I have a single shot Harrington & Richardson 10 gauge shotgun. Somebody saw the barrel off before I got it. I would really like to put a new barrel on it but having no luck finding one. I'm kinda new to the gun would. Any help would be great.  thank u


----------



## Les Miles (Mar 19, 2012)

67matt84 said:


> I have a single shot Harrington & Richardson 10 gauge shotgun. Somebody saw the barrel off before I got it. I would really like to put a new barrel on it but having no luck finding one. I'm kinda new to the gun would. Any help would be great.  thank u



Have you checked with H&R to see if they will sell you a new barrel?

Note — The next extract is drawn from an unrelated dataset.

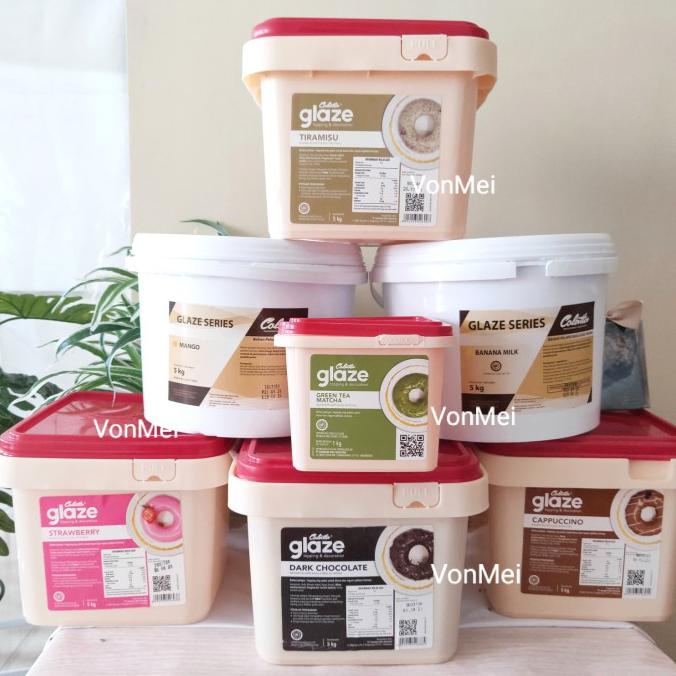 

Diskon COLATTA Glaze Tiramisu Strawberry Dark Chocolate Banana Glaze 250 gr - Banana Milk Promo Awal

http://www.hr1871.com/Support/repairs.asp


----------



## 67matt84 (Mar 19, 2012)

Yes they want me to send the gun to them in NY. Then they would send it back with a new barrel but I was trying to find somewhere that I could just buy a barrel. But I might be able to.


----------



## Bushwhacker (Mar 19, 2012)

It's not a quick change unless you get really lucky.  It usually takes a little bit of fitting to the frame.  The H&R  is not just like the TC setup as a swap barrel gun.  You will be better off sending it back to H&R and getting the free trigger job at the same time if needed.  At one time Brownell sold barrels for these guns but I haven't checked in a while.  There is a website called Graybeards Outdoors (if it's a bad thing to mention then mods please remove) that has a world of H&R info.  I have an H&R 10 with a 24" choke tube barrel and it's my turkey gun. I would say look around for a complete gun or send the one you have back.


----------



## 67matt84 (Mar 27, 2012)

Ok thanks for the help


----------